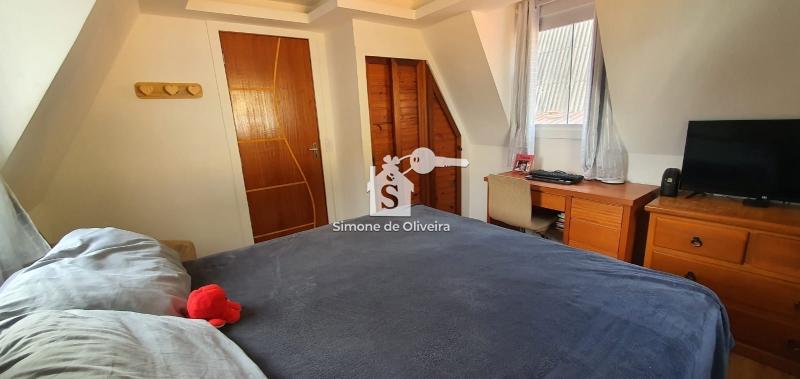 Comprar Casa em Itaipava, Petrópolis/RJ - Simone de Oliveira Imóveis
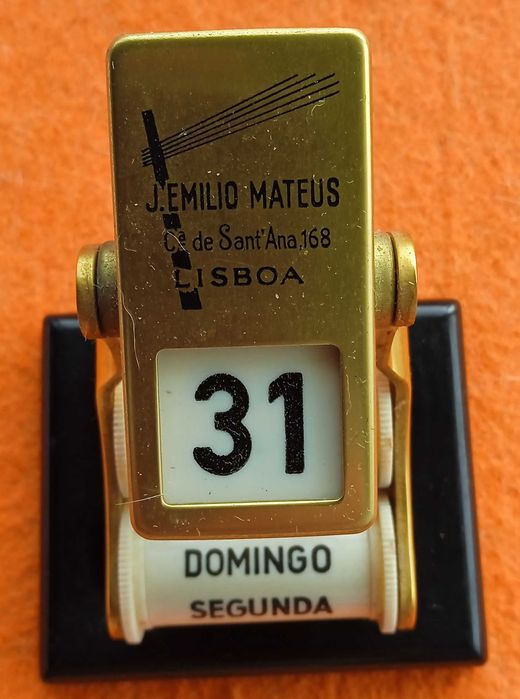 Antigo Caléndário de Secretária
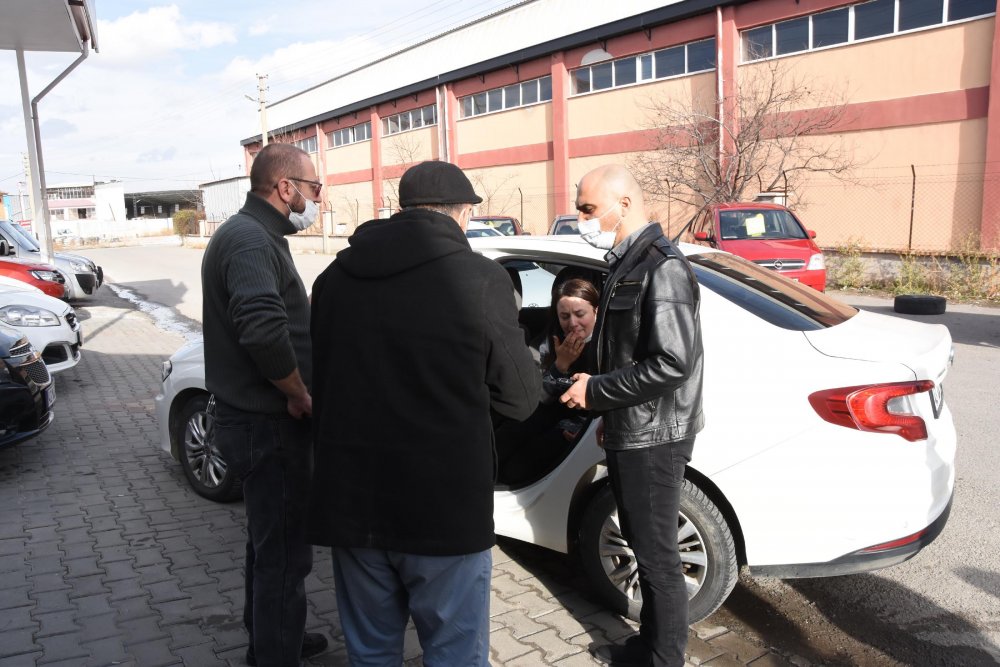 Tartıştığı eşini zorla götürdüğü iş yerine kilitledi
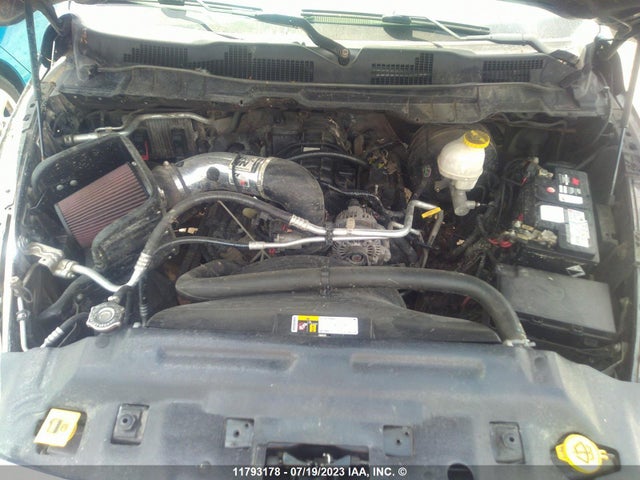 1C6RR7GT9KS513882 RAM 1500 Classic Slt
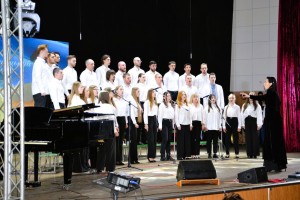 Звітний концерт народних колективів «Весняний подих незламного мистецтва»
==
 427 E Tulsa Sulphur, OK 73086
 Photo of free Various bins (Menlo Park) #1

=== Task instructions ===
Retype exactly the lines above, from the one with "427 E Tulsa Sulphur, OK 73086" through the one with "Photo of free Various bins (Menlo Park) #1", inclusive.

=== Written solution ===
 427 E Tulsa Sulphur, OK 73086
 Photo of free Various bins (Menlo Park) #1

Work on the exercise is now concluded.